Judge Bashes Bank in Foreclosure Case: The Wall Street Journal


Now you know when the Law Offices of David J. Stern reaches the Wall Street Journal, we certainly are getting our point A C R O S S! Thank You AMIR!

LAW APRIL 16, 2010, 11:20 P.M. ET

Judge Bashes Bank in Foreclosure Case

By AMIR EFRATI

A Florida state-court judge, in a rare ruling, said a major national bank perpetrated a “fraud” in a foreclosure lawsuit, raising questions about how banks are attempting to claim homes from borrowers in default.

The ruling, made last month in Pasco County, Fla., comes amid increased scrutiny of foreclosures by the prosecutors and judges in regions hurt by the recession. Judges have said in hearings they are increasingly concerned that banks are attempting to seize properties they don’t own.

Case Documents

Cases handled by the Law Offices of David Stern

The Florida case began in December 2007 when U.S. Bank N.A. sued a homeowner, Ernest E. Harpster, after he defaulted on a $190,000 loan he received in January of that year.

The Law Offices of David J. Stern, which represented the bank, prepared a document called an assignment of mortgage” showing that the bank received ownership of the mortgage in December 2007. The document was dated December 2007.

But after investigating the matter, Circuit Court Judge Lynn Tepper ruled that the document couldn’t have been prepared until 2008. Thus, she ruled, the bank couldn’t prove it owned the mortgage at the time the suit was filed.

The document filed by the plaintiff, Judge Tepper wrote last month, “did not exist at the time of the filing of this action…was subsequently created and…fraudulently backdated, in a purposeful, intentional effort to mislead.” She dismissed the case.

Forrest McSurdy, a lawyer at the David Stern firm that handled the U.S. Bank case, said the mistake was due to “carelessness.” The mortgage document was initially prepared and signed in 2007 but wasn’t notarized until months later, he said. After discovering similar problems in other foreclosure cases, he said, the firm voluntarily withdrew the suits and later re-filed them using appropriate documents.

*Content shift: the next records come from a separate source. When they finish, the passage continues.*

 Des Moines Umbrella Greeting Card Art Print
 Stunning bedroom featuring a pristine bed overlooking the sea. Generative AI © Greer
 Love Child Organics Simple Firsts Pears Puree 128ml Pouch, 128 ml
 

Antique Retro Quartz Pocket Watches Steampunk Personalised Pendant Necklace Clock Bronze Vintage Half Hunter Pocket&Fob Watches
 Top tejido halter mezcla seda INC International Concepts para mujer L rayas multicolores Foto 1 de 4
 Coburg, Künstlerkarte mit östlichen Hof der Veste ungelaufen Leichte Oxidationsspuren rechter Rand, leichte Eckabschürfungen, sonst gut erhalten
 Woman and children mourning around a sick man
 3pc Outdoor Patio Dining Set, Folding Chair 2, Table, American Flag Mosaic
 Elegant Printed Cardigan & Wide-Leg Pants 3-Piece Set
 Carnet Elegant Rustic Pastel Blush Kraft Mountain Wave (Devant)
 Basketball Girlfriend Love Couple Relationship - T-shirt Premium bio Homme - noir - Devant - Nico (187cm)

“Judges get in a whirl about technicalities because the courts are overwhelmed,” he said. “The merits of the cases are the same: people aren’t paying their mortgages.”

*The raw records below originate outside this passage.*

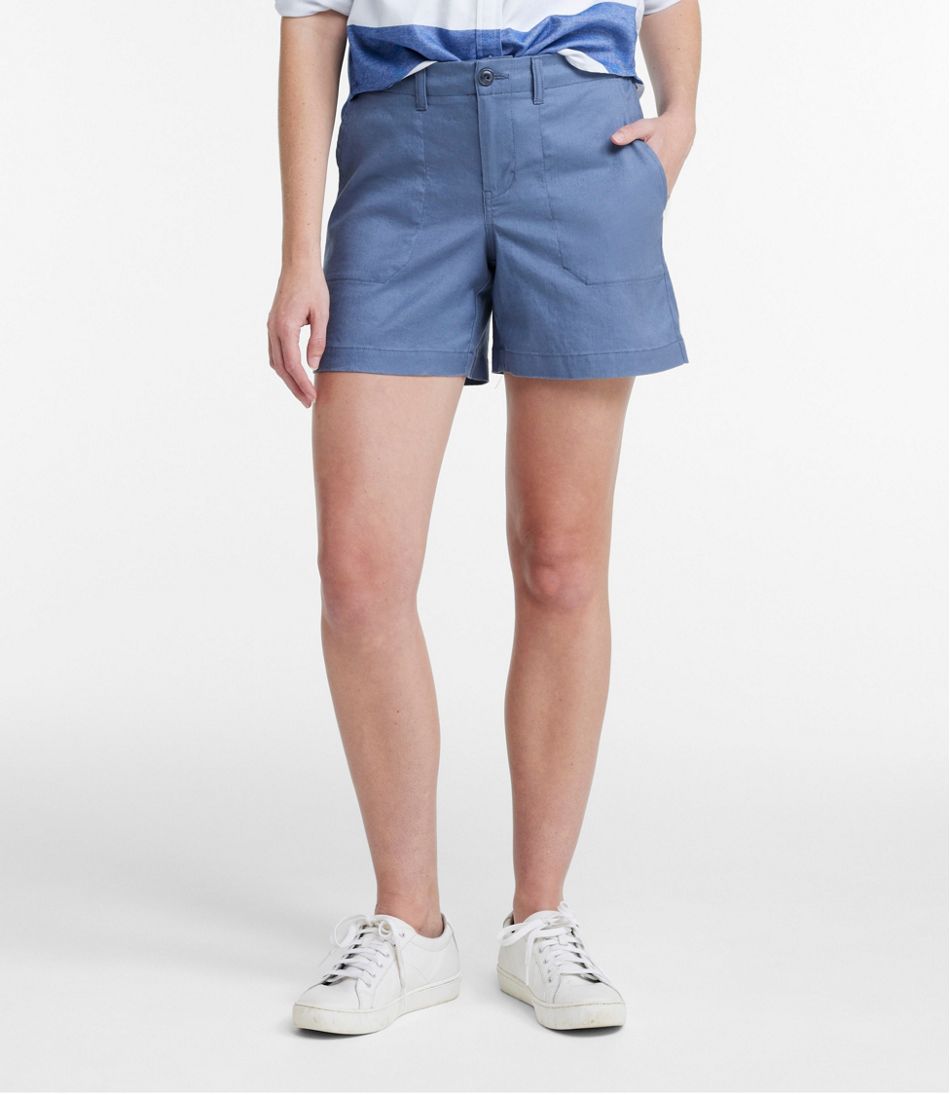 Women's Comfort Stretch Cotton/Linen Shorts, High-Rise 7" / L.L.Bean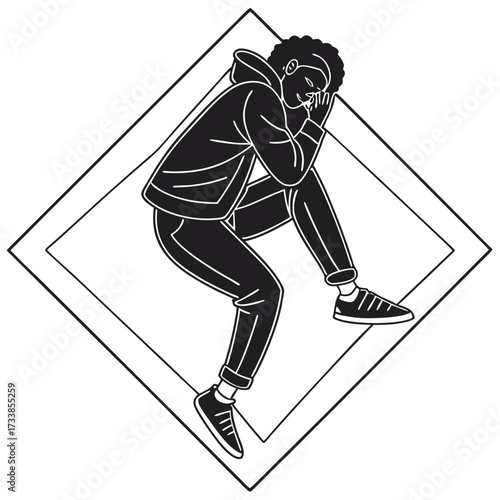 Black and white minimalist vector icon of a person sleeping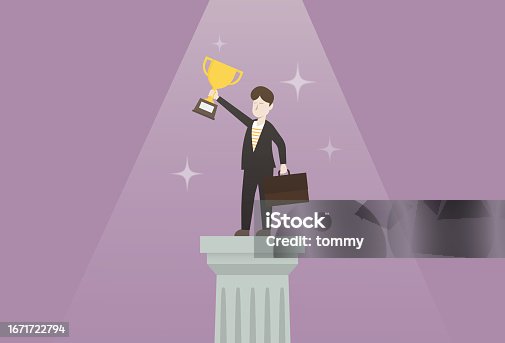 istock Success celebration with trophy on roman pillar for employee of the month 1671722794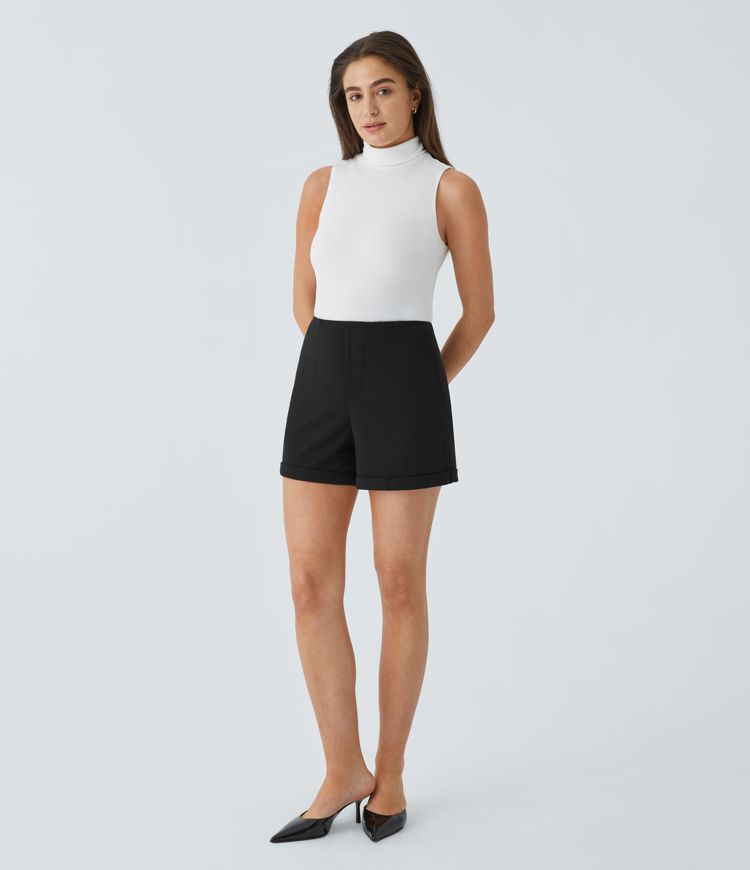 High Waisted Rolled Hem Solid Work Shorts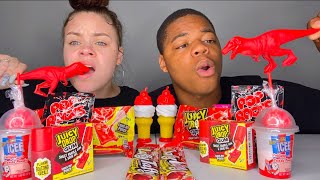 ASMR RED FOOD, CANDY SPRAY, JUICY DROP GUM, DIP-N-LIK, POP ROCKS CANDY MUKBANG | EATING SOUNDS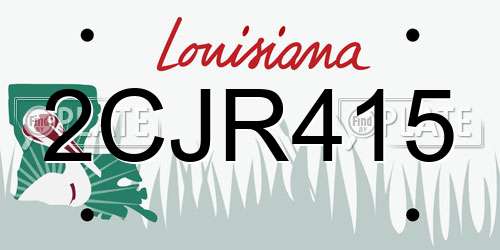 2CJR415 Louisiana License Plate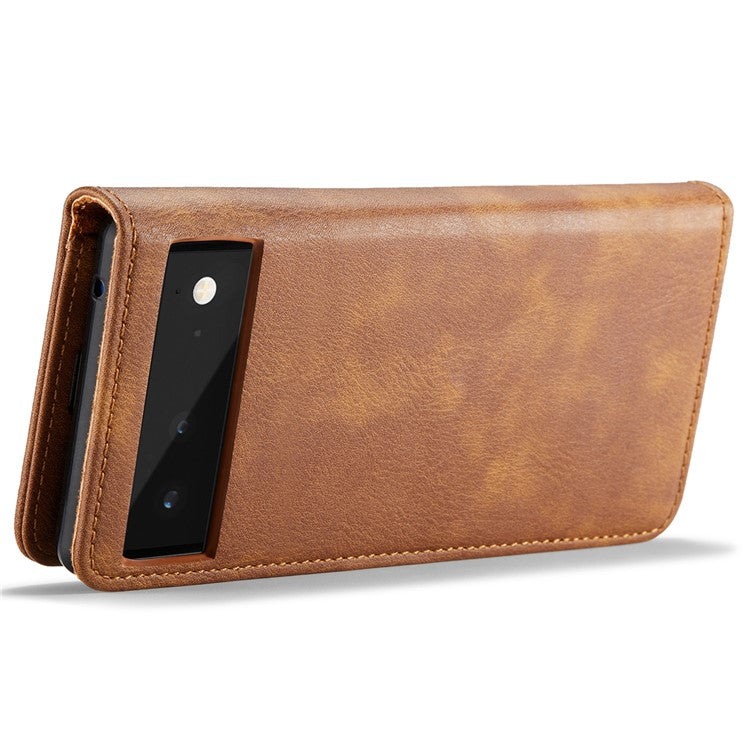 DG.MING Split Leather Cover Wallet Stand Design Detachable Magnetic Absorption Phone Case for Google Pixel 6 - Brown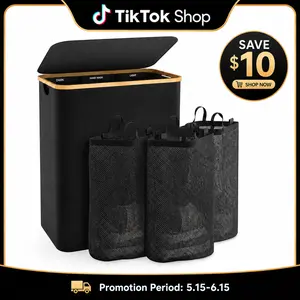 Bathola Hampers for Laundry Basket with Lid, 160L Extra Large Laundry Hamper 3 Section Dirty Clothes Hampers for Laundry Divided Laundry Basket Organizer for Bedroom,  Ideal for Laundry Toys and Dorm Use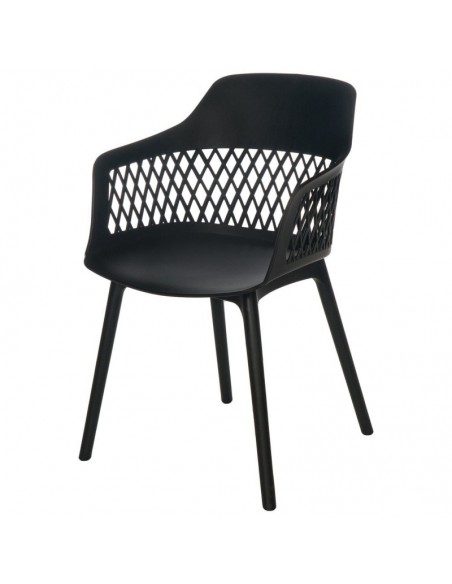SILLA CON BRAZOS JAYDEN NEGRO. POLIPROPILENO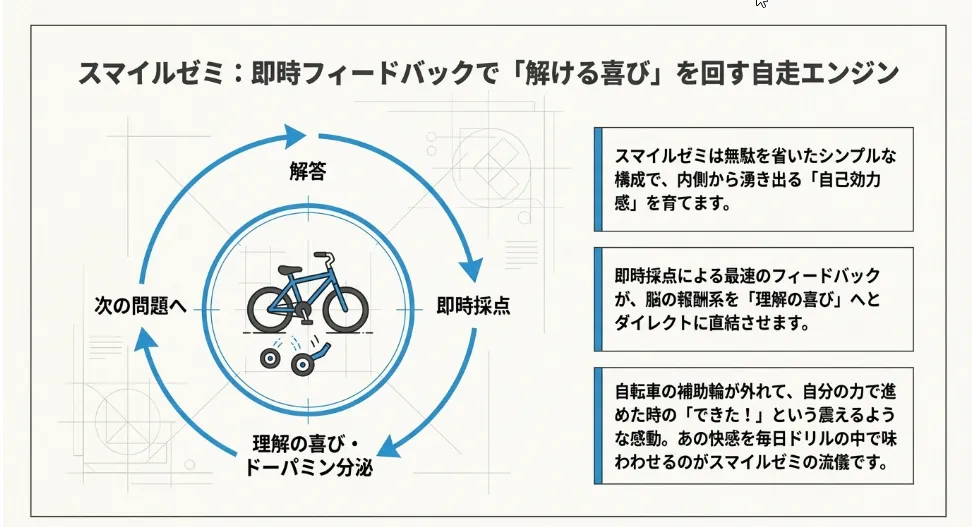 スマイルゼミは、問題を解いた瞬間に丸がつく「即時フィードバック」を重視しています。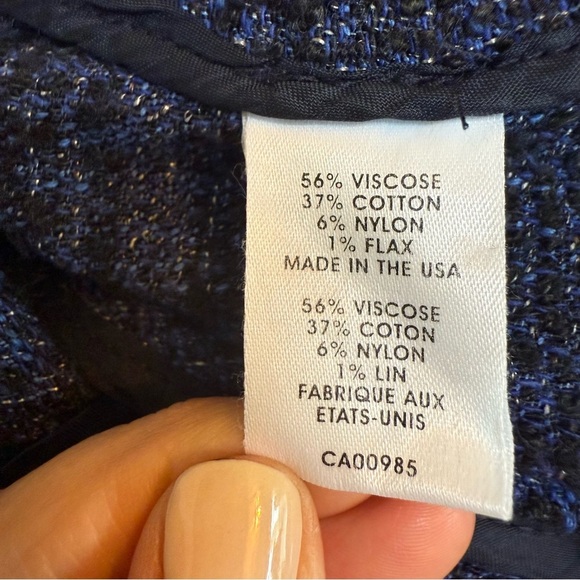 Nanette Lepore | Blue Tweed Asymmetrical Blazer | Sz 4 - Picture 13 of 14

Steve Dale, a spokesman for U.S. Bank, said the company played a passive role in the matter because it represents investors who own a mortgage-securities trust that includes the Harpster loan. He said a division of Wells Fargo & Co., which collected payments from Mr. Harpster, initiated the foreclosure on behalf of the investors.

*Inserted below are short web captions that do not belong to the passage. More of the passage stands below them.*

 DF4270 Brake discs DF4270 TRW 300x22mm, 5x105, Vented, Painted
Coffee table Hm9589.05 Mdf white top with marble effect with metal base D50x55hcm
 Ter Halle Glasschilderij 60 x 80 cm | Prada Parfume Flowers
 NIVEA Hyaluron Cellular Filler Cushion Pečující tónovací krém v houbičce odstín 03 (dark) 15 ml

Wells Fargo said in a statement it “does not condone, accept, nor instruct counsel to take actions such as those taken in this case.” The company said it was “troubled” by the “conclusions the Court found as to the actions of this foreclosure attorney. We will review these circumstances closely and take appropriate action as necessary.”

Since the housing crisis began several years ago, judges across the U.S. have found that documents submitted by banks to support foreclosure claims were wrong. Mistakes by banks and their representatives have also led to an ongoing federal criminal probe in Florida.

Some of the problems stem from the difficulty banks face in proving they own the loans, thanks to the complexity of the mortgage market.

The Florida ruling against U.S. Bank was also a critique of law firms that handle foreclosure cases on behalf of banks, dubbed “foreclosure mills.”

Lawyers operating foreclosure mills often are paid based on the volume of cases they complete. Some receive $1,000 per case, court records show. Firms compete for business in part based on how quickly they can foreclose. The David Stern firm had about 900 employees as of last year, court records show.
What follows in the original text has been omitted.